To the best of my knowledge, though, intersections are rarely computed by intersecting hashtables - instead, what usually happens is the following: assume are 3 sets to be intersected, we pick one (the smallest preferably) and assign a counter (equal to 1) to each of the documents. We then iterate the other sets, incrementing the counter of each found document. Finally, we report each document that its counter becomes 3 (that means that the document appeared in all sets, thus exists in their intersection).
In case only 2 keywords are allowed (e.g. "key1 AND key2")
This is the solution I found so far:
1) keyMap, HashMap, where the key is the keywords and the value is the LinkedList of documents.

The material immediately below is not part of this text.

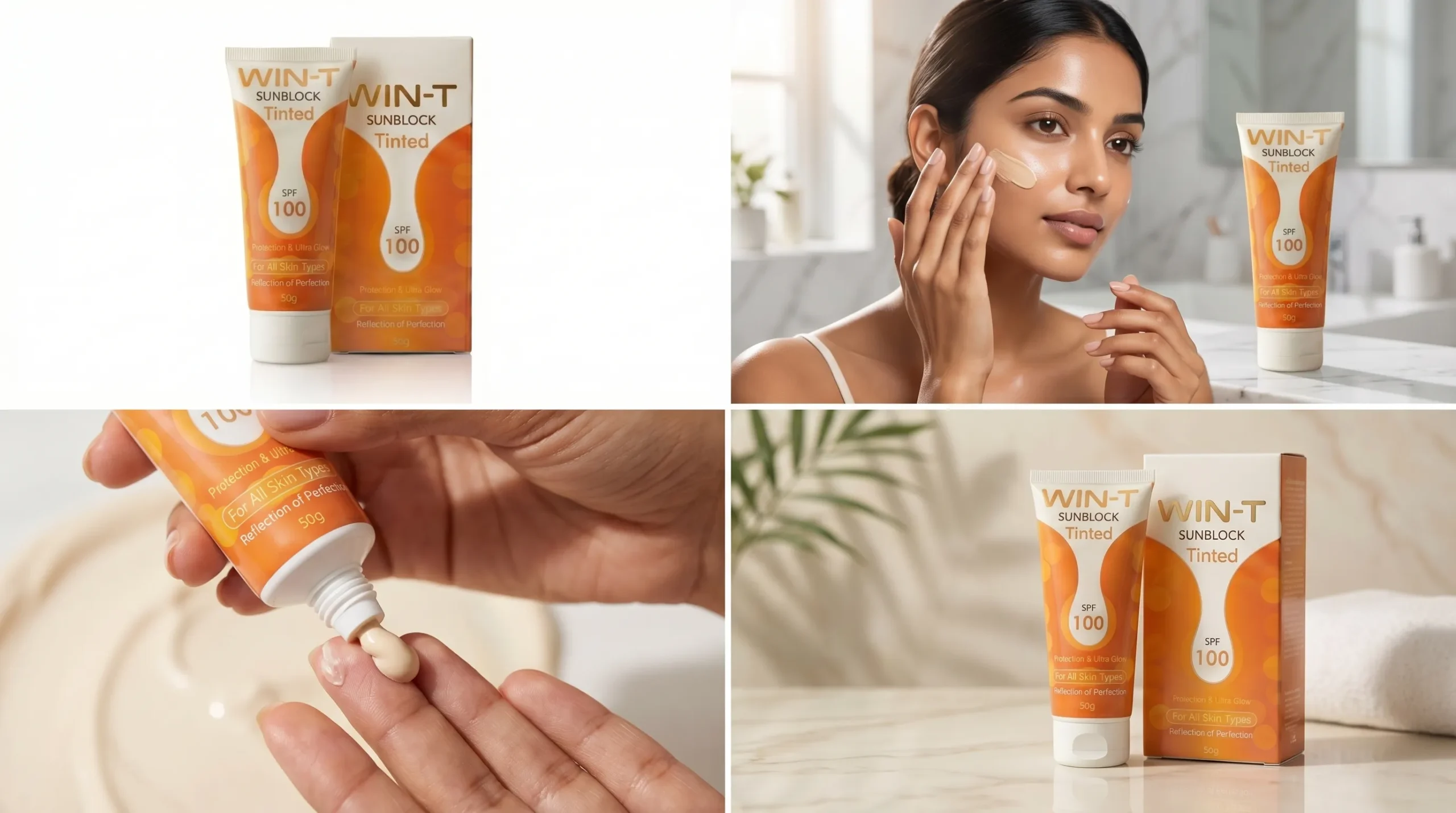 win t tinted sunblock spf 100 tube with packaging box displayed on marble surface, premium skincare product presentation with soft lighting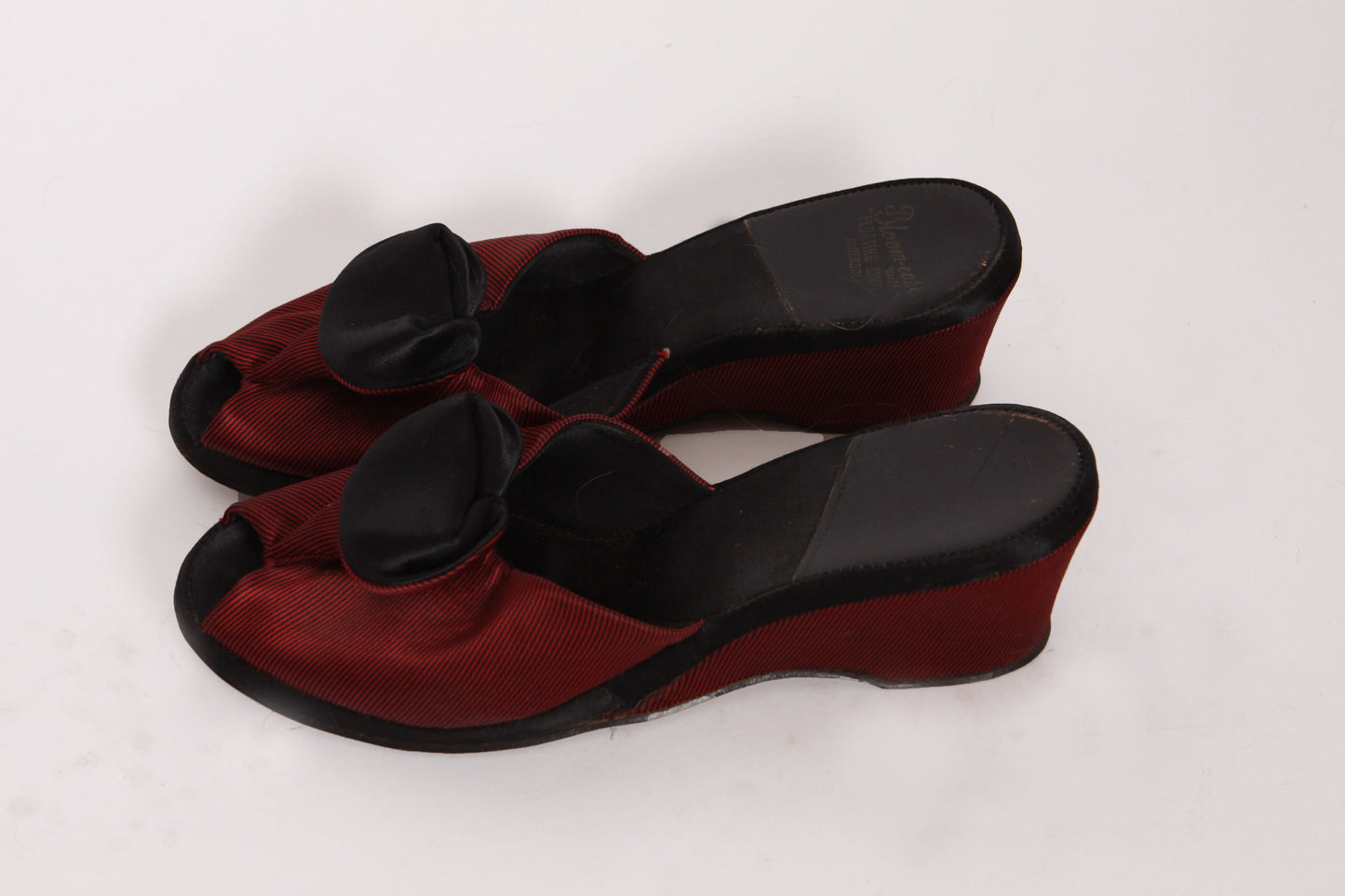 1940s Red and Black Striped Open Toe Peep Toe Boudoir Bed Slippers -Size 7 1/2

2) docMap, HashMap, where the key is the document id and the value is an HashSet of keywords
Now on such a query ("key1 AND key2") I would:
LinkedList docs = keyMap.get(key1);
for each (HashSet doc:docs)
if(doc.contains(keys))
result.add(doc);
return result
What do you think?
Is there any better way?
How about 3 keywords?
Google Desktop springs to mind, but all the major O/S have similar features built in or easily added. I'd describe the space used by Spotlight on my Mac as 'reasonable'.
With many documents, a dedicated package like Lucene becomes very attractive.
As #Wrikken said, use lucene.
As you are interested in the algorithms used there are many, you can find a starting point here and more information here.